Die Arbeitsgruppe soll laut Schelling in den nächsten Tagen zusammentreten. “Wir drücken aufs Tempo”, versicherte der Finanzminister in Sachen ÖIAG-Reform. Vizekanzler und Wirtschaftsminister Reinhold Mitterlehner (ÖVP) betonte, dass es für die Reform mehrere verschiedene Modelle gebe. Geprüft werden soll demnach, ob auch zusätzliche Unternehmen im Energie- und Infrastrukturbereich in die Staatsholding integriert werden. Ausgeschlossen wurde von Verkehrsminister Stöger allerdings neuerlich eine Integration der derzeit seinem Ressort zugeordneten ÖBB in die Staatsholding: “Es bleibt dabei.”

Raidl spricht von “Desaster” – Kritik an ÖIAG

Scharfe Kritik am Vorgehen der ÖIAG bei der OMV übte zuvor bereits der Nationalbankpräsident Claus Raidl, früher selber ÖIAG-Vorstand. Das Ganze sei ein “Desaster”, sagte Raidl Dienstagabend in der “ZiB2” des ORF. Der Vertrag von OMV-Chef Gerhard Roiss sei ja erst vor einem Jahr verlängert worden. Die Tatsachen hätten sich nicht verändert, offenbar sei man damals zu “feige” gewesen, wetterte er.

Auch die jetzige Entscheidung, dass Roiss noch bis Juni 2015 im Amt bleibe, hält Raidl für falsch. In Personalfragen müssten rasch Entscheidungen getroffen und diese rasch umgesetzt werden. Wer werde nun noch ernsthaft mit Roiss reden, fragte er.

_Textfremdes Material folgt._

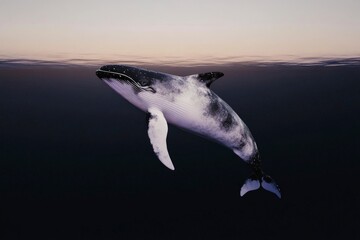 Naklejka premium Majestic Whale Breaching Ocean Surface Underwater Wildlife Cinematic Photorealistic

Der ÖIAG fehle offenbar das Gespür im Umgang mit börsenotierten Unternehmen. “Diese ÖIAG mit dem Vorstand und dieser Aufsichtsratsstruktur braucht wirklich niemand”. Rückblickend sei die ÖIAG-Reform der schwarz-blauen Regierung ein Fehler gewesen. Man habe damals auf seinen Rat hin die Politisierung des Aufsichtsrats beseitigen wollen, es habe sich aber eine gewisse Gruppe etabliert, die sich selbst erneuere und ihre eigenen Interessen verfolge: “Aus dem Prellbock zwischen Politik und Wirtschaft wurde ein Bunker.”

Kemler: Einigkeit im OMV-Vorstand war nicht herzustellen

ÖIAG-Vorstand Rudolf Kemler indes verteidigt im Interview mit “News” den erzwungenen Abgang von OMV-Chef Roiss. Im OMV-Vorstand habe es unterschiedliche Vorstellungen über die Strategie gegeben: “Wir haben versucht, Einigkeit im Vorstand herzustellen, aber das war nicht möglich.” Daher habe der Aufsichtsrat handeln müssen, “um sich nicht dem Vorwurf auszusetzen, das Unternehmen zu schädigen”.

Die vorzeitige Ablöse von Gerhard Roiss sei die beste Lösung für das Unternehmen, weil sie eine Neuausrichtung unter einer neuen Führung bedeute, sagte Kemler laut Vorabmeldung im “News”. Der Vertrag von Roiss sei vor einem Jahr “noch unter völlig anderen Marktbedingungen” erfolgt. Inzwischen sei aber vor allem das Gasgeschäft dramatisch eingebrochen. Man werde jetzt mit Hilfe eines Personalberaters in einem mehrstufigen Prozess international die beste Führungskraft für die OMV suchen.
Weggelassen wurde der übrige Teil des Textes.